There have been some path breakers among rural electric cooperatives that have recognized that these 20th century institutions need to meet the challenge of the 21st century. More than sixty around the country have already installed high-speed fiber optics and another almost eighty are in process of doing so.
Ironically, there have been challenges in Louisiana. The cooperative in Claiborne Parish, Louisiana tried to extend its membership benefits to include broadband internet and now finds itself in the middle of a lawsuit between the Louisiana Electric Co-ops and the elected Public Service Commission. The usually populist PSC, which has recently made progress in forcing cooperatives accountability, seems to have balked at the local cooperative offering twice the speed at half the cost of what other programs were touting.
The FCC has announced a $20 billion dollar program with $16 billion going in the first auction of monies to those bidders willing to add service in the census tracks around the country without broadband.

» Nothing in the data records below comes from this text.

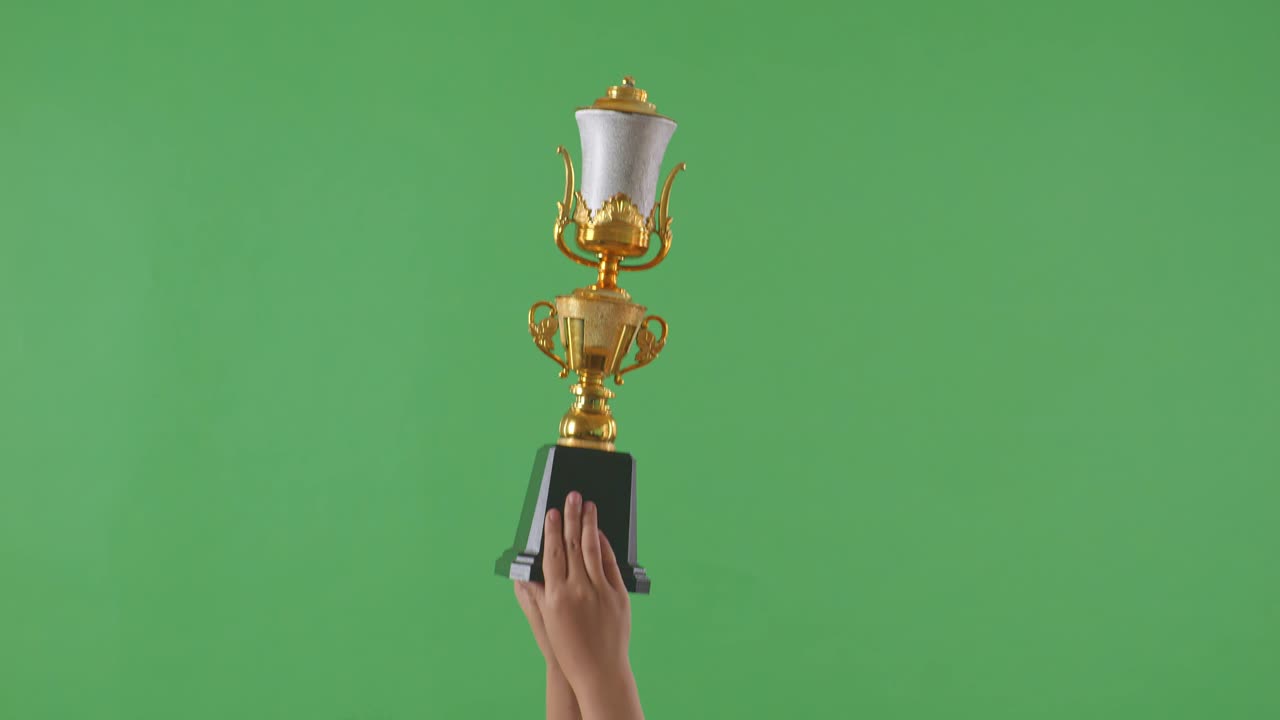 las manos levantadas de una mujer están sosteniendo un trofeo. fondo de pantalla verde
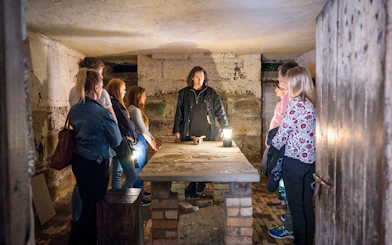 Guide leading a group in a dimly lit room during Port Arthur Historic Site Ghost Tour.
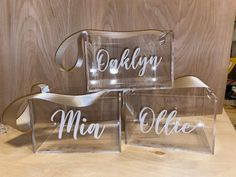 three clear acrylic boxes with the word mr and mrs written on them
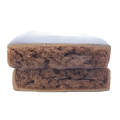 Rectangular block of compressed brown material with a rough, uneven surface texture photographed on a plain background.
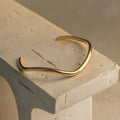 Lilou Gold Minimal Wave Cuff Bracelet 57mm ladies jewellery by FAYA & CO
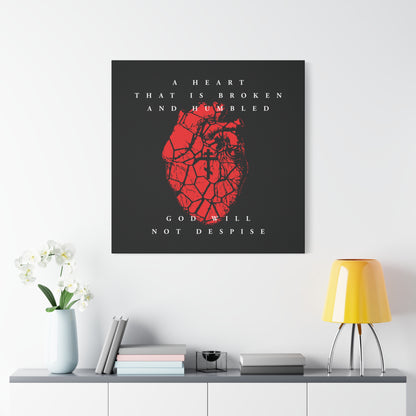 The "A Heart That is Broken and Humbled God Will Not Despise" canvas art, showing a cracked heart with an Orthodox cross, hangs above a shelf with decor, expressing repentance and inspired by Psalm 51.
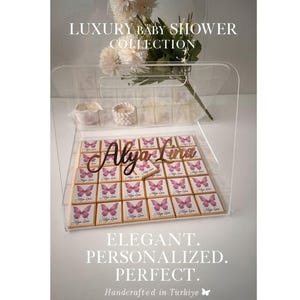 Pode incluir: Uma vitrine de acrílico transparente com chocolates personalizados para um chá de bebê. Cada quadrado de chocolate apresenta um desenho de borboleta e o nome "Alya Lina". A vitrine é decorada com flores brancas e o texto "Luxury Baby Shower Collection".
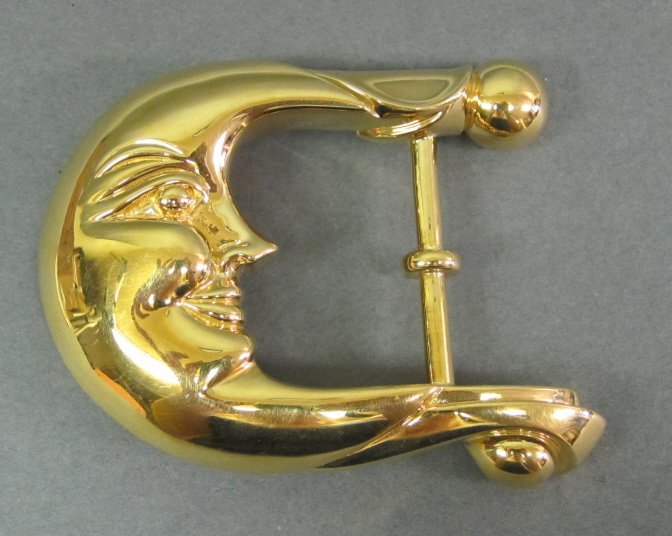 BARRY KIESELSTEIN CORD STERLING VERMEIL BUCKLE: Large scale modern design with "man in the moon" motif. H. 2 1/2, L. 3 1/8." 2.4 Troy ozs.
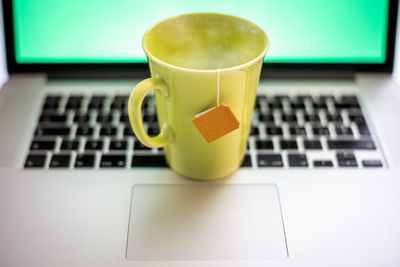 Cup of hot beverage on laptop green screen in background. steaming mug on computer. smart working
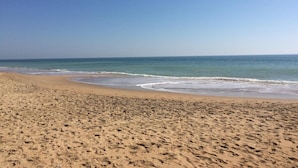 Ein Strand mit einer weiten Sandfläche und freiem Blick auf den Ozean.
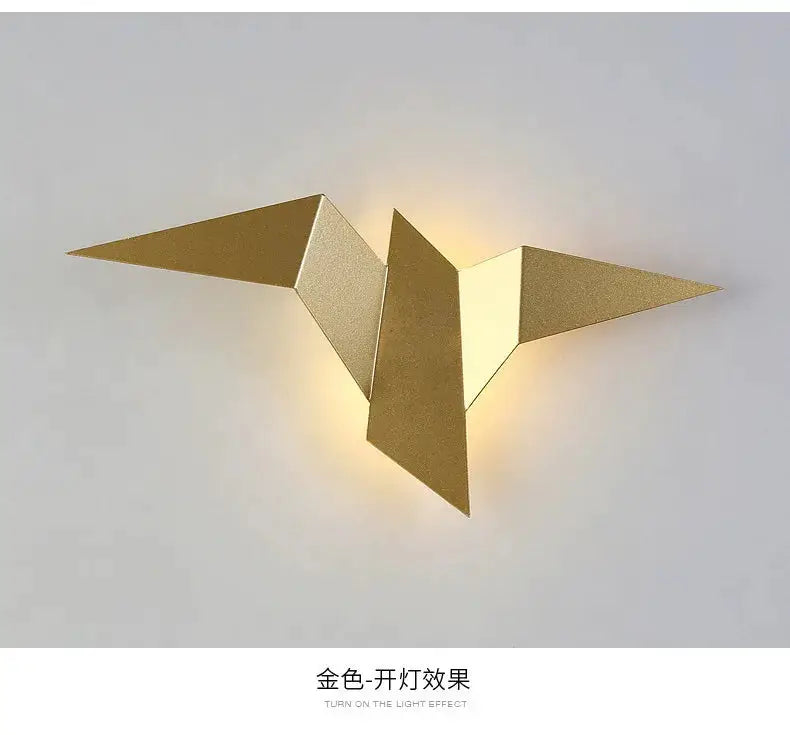 New Nordic LED bird wall lamp in gold with geometric angular panels and warm light.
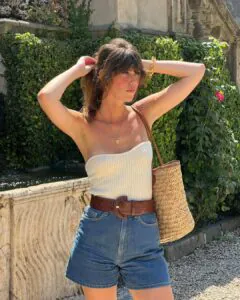 woman wearing white strapless top, denim shorts, and brown belt holding a straw bag.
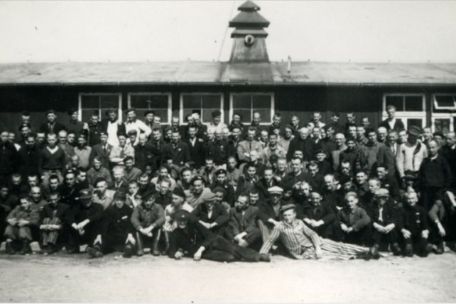 Gruppenfoto befreiter niederländischer Häftlinge vor einer Holzbaracke. Vereinzelt tragen einige noch immer Häftlingskleidung.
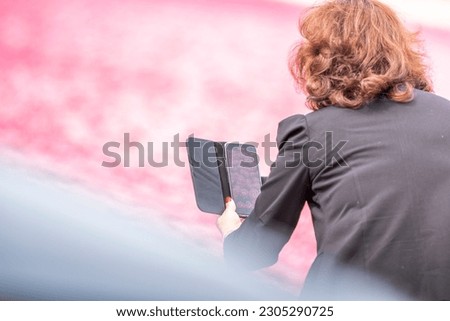 A female taking a picture by phone of a field with tulips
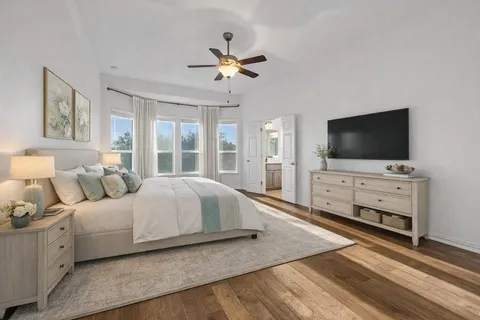 a spacious bedroom with a large bed and a flat screen tv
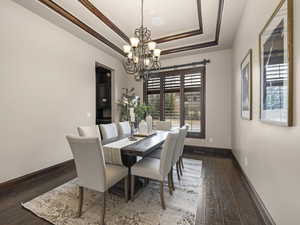 Dining room featuring a notable chandelier, dark hardwood / wood-style floors, and a raised ceiling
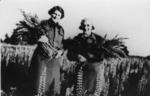 Enid Fordham and Irene England gathering flowers while working at Belsen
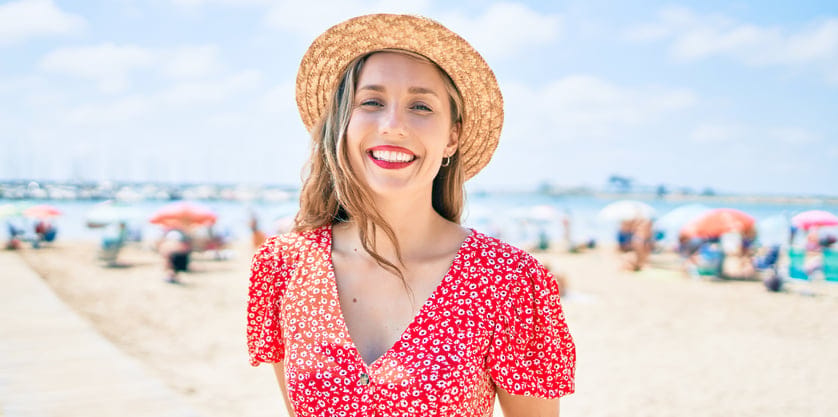 girl smiling beach red dress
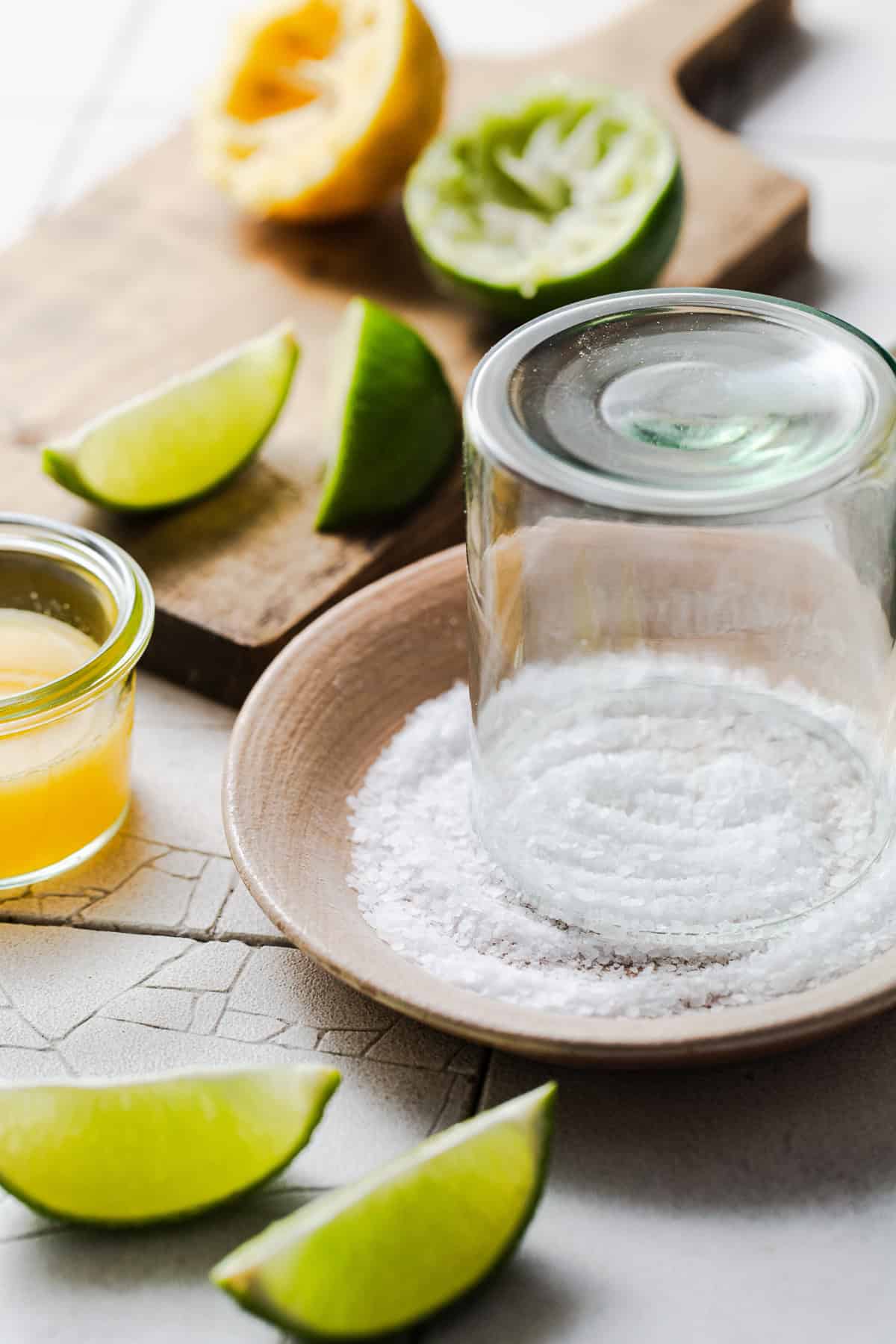 The rim of a glass being dipped in salt on a plate for a margarita mocktail.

When the FCC releases the eligible census tracks, invariably rural electric cooperatives are likely the obvious choices to get the assistance, implement the system, and make it sustainable even after the ten-year grants are exhausted.
Mississippi has recently enacted a law that would allow their twenty-five cooperatives to install broadband internet. It goes without saying that doing so puts them near the head of the line when it comes to the FCC funding process as well. The Louisiana Legislature has a Broadband High-Speed Internet Service Task Force that is holding hearings and putting the heat on all of the players to speed up their game in this area. It’s a national debate, but even the often slow-on-the-uptake southern cooperatives and their political supporters seem to be getting the word that this is an opportunity.
Probably, they heard the news through the internet. Seems like this is an opportunity for rural electric cooperatives to spread the word that way as well, and perhaps remember their mission in serving their members in rural counties and parishes around the country.